▶ Data in this exercise
──────────────────────────────

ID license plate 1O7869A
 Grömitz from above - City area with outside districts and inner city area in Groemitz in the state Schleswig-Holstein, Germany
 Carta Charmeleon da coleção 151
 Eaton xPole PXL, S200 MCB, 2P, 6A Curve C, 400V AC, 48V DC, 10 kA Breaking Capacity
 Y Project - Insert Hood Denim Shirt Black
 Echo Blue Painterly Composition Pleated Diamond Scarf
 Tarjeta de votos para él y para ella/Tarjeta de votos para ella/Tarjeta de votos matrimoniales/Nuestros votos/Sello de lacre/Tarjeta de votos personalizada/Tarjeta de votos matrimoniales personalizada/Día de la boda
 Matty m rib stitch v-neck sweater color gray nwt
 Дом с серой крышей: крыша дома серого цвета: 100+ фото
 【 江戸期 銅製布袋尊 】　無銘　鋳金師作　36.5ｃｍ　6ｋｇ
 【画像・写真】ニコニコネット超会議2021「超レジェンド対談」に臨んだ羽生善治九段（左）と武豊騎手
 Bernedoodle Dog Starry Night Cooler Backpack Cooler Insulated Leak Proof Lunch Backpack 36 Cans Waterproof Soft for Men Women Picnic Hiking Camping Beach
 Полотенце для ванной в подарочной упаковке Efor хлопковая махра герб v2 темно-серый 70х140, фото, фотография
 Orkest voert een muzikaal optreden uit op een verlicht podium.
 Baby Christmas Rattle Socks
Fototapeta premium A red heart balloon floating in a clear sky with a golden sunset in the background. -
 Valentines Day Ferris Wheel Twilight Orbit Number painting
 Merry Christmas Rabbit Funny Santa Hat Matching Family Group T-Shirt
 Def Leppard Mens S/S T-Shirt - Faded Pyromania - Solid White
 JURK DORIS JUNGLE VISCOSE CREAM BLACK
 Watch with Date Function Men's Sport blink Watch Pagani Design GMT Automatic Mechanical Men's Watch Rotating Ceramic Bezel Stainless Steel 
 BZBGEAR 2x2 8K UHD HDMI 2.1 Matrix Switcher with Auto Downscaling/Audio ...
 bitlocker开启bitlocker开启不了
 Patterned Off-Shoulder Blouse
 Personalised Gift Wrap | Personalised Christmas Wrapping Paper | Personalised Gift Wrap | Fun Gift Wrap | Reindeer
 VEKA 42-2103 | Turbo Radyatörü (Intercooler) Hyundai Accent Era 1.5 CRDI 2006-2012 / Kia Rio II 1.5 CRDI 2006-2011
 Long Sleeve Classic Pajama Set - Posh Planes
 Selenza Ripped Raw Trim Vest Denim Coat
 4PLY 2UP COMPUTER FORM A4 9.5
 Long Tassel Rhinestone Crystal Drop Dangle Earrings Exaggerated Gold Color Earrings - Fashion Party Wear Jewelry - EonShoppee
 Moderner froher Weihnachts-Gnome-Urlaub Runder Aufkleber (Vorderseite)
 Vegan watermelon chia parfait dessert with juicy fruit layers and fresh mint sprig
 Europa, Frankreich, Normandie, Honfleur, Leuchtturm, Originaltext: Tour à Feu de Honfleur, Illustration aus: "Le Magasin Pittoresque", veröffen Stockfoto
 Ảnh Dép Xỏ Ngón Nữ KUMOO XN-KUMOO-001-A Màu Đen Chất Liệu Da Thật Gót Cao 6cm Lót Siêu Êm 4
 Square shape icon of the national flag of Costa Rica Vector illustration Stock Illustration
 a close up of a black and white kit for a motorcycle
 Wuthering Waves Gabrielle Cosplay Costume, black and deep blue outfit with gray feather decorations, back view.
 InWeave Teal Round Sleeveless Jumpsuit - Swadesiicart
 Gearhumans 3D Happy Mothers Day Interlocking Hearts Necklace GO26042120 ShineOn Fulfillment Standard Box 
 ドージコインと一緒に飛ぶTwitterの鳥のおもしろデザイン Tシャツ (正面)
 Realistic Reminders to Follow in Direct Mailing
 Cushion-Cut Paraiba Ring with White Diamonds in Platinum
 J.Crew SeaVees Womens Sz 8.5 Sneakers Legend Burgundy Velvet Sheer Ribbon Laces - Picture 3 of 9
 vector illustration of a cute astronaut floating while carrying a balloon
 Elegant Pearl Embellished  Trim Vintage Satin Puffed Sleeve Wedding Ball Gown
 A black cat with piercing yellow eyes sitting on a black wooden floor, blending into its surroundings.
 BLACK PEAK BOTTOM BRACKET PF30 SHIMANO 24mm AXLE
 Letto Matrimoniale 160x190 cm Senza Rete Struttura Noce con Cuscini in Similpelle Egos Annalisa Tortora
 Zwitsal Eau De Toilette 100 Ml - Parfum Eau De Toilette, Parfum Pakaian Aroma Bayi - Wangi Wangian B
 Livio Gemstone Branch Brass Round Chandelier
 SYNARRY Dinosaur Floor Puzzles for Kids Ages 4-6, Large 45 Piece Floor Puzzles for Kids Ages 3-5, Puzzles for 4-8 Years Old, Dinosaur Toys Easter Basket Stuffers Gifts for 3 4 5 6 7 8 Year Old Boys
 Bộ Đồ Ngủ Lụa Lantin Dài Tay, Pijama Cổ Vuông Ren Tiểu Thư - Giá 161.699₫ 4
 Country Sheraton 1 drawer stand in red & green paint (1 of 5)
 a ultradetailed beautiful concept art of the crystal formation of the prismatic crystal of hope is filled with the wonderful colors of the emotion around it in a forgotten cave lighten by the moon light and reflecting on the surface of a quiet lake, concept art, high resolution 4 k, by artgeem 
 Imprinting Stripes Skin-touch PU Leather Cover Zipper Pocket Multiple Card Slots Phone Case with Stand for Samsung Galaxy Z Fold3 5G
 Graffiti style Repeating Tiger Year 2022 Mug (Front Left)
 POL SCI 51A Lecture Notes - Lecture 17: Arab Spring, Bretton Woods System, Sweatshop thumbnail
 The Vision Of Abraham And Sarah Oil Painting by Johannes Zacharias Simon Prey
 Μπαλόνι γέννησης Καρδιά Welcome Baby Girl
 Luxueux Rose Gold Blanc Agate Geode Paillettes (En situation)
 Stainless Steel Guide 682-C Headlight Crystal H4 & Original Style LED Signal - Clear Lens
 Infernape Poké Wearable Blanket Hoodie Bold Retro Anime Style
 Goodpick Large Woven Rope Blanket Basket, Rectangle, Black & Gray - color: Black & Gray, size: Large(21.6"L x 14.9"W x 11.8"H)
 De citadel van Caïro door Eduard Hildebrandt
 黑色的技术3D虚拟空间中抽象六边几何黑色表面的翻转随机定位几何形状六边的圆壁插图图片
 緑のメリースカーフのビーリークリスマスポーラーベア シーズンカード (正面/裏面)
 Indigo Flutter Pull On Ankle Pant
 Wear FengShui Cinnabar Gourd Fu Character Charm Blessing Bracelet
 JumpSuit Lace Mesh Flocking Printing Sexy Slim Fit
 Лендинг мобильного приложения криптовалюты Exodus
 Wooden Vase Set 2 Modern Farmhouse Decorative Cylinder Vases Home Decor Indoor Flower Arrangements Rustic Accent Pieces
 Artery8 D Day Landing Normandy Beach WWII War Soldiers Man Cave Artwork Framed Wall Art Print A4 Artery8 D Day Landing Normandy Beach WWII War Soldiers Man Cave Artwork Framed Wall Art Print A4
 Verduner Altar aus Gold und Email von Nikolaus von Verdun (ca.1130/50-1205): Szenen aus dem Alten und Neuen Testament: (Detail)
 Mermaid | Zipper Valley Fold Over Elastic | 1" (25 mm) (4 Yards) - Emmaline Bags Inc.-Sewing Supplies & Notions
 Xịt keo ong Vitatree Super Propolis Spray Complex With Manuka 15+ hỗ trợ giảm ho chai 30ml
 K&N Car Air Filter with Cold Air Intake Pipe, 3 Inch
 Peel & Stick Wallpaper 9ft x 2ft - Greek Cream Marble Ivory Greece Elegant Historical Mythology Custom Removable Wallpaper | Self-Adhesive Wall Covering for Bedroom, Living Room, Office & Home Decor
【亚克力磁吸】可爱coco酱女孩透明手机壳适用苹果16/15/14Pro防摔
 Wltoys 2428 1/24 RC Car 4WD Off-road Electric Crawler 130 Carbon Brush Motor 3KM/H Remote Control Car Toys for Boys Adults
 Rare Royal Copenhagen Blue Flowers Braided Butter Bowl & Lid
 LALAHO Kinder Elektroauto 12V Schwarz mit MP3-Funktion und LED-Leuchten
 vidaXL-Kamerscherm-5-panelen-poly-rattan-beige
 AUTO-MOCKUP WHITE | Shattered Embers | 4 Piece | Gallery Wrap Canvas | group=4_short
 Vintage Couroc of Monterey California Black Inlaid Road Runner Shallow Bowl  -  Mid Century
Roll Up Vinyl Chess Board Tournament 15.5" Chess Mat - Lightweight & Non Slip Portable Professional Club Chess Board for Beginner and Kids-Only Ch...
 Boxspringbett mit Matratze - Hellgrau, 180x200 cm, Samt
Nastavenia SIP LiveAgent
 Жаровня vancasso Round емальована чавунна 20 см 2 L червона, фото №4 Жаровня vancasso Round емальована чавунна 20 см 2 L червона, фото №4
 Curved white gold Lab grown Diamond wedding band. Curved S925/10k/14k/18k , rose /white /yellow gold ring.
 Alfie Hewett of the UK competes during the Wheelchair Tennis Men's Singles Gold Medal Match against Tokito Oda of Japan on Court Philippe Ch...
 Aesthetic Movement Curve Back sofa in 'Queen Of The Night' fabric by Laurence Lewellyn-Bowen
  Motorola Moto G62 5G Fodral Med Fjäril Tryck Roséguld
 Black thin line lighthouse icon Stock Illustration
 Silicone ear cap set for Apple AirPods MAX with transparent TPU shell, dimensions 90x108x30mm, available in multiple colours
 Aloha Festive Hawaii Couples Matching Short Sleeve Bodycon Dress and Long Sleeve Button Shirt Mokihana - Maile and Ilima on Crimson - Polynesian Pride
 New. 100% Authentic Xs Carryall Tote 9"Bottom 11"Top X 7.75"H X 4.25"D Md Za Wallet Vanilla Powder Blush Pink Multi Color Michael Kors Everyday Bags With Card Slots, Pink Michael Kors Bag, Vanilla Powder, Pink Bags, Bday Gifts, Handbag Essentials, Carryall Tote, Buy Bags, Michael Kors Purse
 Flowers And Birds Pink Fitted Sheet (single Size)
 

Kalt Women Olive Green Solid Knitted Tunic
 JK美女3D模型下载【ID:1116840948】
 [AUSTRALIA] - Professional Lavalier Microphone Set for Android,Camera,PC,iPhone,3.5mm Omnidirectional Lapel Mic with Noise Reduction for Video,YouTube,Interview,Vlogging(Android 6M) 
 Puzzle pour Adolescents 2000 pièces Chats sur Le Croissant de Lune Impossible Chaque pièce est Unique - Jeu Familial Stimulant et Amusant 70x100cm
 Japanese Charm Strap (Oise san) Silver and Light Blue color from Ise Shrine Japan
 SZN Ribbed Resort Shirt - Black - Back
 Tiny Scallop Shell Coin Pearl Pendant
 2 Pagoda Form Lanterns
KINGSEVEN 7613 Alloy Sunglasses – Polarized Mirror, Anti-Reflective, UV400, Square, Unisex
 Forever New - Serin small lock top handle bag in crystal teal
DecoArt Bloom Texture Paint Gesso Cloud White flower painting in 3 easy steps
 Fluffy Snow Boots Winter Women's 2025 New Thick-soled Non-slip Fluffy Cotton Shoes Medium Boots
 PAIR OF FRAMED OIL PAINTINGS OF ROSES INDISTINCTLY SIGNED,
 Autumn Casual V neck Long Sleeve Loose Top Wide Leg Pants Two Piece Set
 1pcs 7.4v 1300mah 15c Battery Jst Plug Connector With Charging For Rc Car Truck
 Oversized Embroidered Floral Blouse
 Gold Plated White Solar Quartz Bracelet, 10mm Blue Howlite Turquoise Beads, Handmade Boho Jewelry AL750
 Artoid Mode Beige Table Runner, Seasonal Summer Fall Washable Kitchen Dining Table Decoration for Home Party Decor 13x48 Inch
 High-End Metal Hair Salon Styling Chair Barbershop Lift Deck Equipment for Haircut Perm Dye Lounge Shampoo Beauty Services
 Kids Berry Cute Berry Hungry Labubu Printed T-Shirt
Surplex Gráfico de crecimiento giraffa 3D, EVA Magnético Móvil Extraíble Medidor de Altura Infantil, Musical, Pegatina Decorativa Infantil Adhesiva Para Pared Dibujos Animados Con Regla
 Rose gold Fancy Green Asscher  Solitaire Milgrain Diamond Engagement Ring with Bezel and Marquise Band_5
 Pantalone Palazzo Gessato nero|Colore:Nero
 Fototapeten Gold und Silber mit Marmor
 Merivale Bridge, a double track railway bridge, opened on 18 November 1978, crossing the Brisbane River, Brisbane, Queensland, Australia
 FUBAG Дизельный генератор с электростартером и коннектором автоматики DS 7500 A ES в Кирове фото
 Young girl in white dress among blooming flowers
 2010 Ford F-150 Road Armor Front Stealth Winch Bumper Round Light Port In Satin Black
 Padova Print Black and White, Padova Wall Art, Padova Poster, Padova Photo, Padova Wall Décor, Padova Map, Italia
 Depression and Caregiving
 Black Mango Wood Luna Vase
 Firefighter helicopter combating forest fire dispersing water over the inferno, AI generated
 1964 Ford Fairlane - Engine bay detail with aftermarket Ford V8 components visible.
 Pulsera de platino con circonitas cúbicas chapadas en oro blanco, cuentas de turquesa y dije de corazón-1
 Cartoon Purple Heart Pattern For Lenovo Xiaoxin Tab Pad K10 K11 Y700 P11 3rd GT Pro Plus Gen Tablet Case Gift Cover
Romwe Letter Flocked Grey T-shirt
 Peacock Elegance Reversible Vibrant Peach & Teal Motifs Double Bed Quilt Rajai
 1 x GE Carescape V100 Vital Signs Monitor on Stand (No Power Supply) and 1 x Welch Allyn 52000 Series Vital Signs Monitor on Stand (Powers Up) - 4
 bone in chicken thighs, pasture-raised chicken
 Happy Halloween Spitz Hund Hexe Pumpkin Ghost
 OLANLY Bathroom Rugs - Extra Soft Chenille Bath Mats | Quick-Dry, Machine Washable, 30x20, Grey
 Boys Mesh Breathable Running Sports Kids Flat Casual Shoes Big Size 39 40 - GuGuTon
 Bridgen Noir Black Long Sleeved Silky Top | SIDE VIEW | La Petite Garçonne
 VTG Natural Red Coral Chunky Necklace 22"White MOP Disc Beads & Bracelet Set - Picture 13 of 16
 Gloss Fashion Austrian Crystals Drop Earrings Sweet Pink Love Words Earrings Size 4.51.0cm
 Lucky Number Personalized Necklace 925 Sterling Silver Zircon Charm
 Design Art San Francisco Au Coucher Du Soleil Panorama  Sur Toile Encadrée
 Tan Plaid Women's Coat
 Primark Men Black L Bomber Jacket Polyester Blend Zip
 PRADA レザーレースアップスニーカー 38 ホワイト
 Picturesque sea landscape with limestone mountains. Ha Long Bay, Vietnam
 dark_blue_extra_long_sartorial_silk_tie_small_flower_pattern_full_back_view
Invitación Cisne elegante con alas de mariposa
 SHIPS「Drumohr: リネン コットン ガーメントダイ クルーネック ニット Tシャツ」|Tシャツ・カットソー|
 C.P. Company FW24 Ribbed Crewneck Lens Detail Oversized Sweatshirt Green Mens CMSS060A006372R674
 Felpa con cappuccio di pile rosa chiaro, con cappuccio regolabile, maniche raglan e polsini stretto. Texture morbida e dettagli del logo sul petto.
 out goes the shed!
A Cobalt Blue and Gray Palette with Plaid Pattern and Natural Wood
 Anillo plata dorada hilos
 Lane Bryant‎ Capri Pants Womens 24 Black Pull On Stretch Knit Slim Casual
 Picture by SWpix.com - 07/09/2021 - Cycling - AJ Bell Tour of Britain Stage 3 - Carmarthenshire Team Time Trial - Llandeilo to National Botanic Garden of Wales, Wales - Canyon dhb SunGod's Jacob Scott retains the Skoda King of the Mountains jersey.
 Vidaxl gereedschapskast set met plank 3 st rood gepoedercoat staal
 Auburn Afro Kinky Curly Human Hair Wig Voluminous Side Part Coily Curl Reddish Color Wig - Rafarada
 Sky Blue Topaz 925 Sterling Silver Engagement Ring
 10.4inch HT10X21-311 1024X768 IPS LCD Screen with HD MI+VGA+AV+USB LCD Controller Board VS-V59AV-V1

──────────────────────────────

▶ What you have to do
Restate word for word the entries above, starting at the line with "Gearhumans 3D Happy" and ending at the line with "Cushion-Cut Paraiba Ring", inclusive, and no others.

▶ Written solution
 Gearhumans 3D Happy Mothers Day Interlocking Hearts Necklace GO26042120 ShineOn Fulfillment Standard Box 
 ドージコインと一緒に飛ぶTwitterの鳥のおもしろデザイン Tシャツ (正面)
 Realistic Reminders to Follow in Direct Mailing
 Cushion-Cut Paraiba Ring with White Diamonds in Platinum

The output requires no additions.